I know this sounds remarkably unhelpful. And I wonder too about how this sad, sad book might be a source for a moral stance, one that’s lasted me the thirty-one years since I walked away from Bulfinch Hall. The first thing I’ve taken from it, particularly as I walk into my classroom each morning, is that part of a moral life is getting up and facing the work. We say it in our school, maybe too much, that the work is the work. What we mean is that you’ve got to keep at it, each day, that sometimes it’s glorious and fun and sometimes it’s just grinding through. We don’t live under Nazi Occupation nor have the rats begun to die on us a they did in Oran, but we are experiencing the impact of American poverty every day. The realities my students face, the injustices large and small, the world bound by policy and history, which, combined with their own adolescent choices, makes it hard to keep going sometimes. But I’m there and I’ll be there, and my presence makes a difference.

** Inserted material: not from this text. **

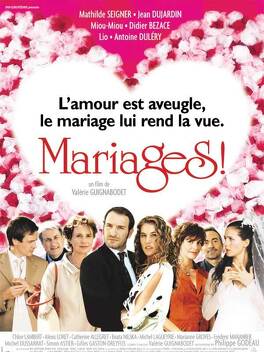 Affiche du film Mariages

The second notion I’ve taken from this book, for better or worse, is to keep trying. To keep the daily ritual of struggle up no matter what. To keep addressing the problems in front of you, no matter how little impact you may think you’re having. To keep the small rituals of decency and kindness alive no matter what’s happening. To remember that the world is pretty much collapsing around you and all you have left are the actions you can take. You might live far from Oran and the terrors of the Plague; maybe you’re one of the lucky Americans who can live, work, and die without ever really having to see how poverty or injustice are woven into the fabric of American life. But Camus urges us to face this reality because, well, eventually it’s coming for us all.
I haven’t reread this book in ten years or so and maybe I’m totally wrong in my recollections. Maybe I’m giving to Camus what’s really due to Jean St. Pierre. Maybe those days of quiet deliberation in a seminar room were what forged this moral stance. Either way, I’ll be up in the morning, walking to school with a half-smile on my face, ready to try and remake our part of the world.
I ask my students to keep a document to keep track of their work. We call it a tracker.
I have a tracker, too, for this manuscript I’ve been working on. I don’t have a title yet. When I started it I was reading Judy Blume with Kara, so the terrible working title was “Are you there, God? It’s me, the trying-to-remain idealistic teacher.” Dreadful. Awful.
Here’s the first entry from my tracker:
Write it as a book proposal?
This morning, 7:29 AM, first draft complete!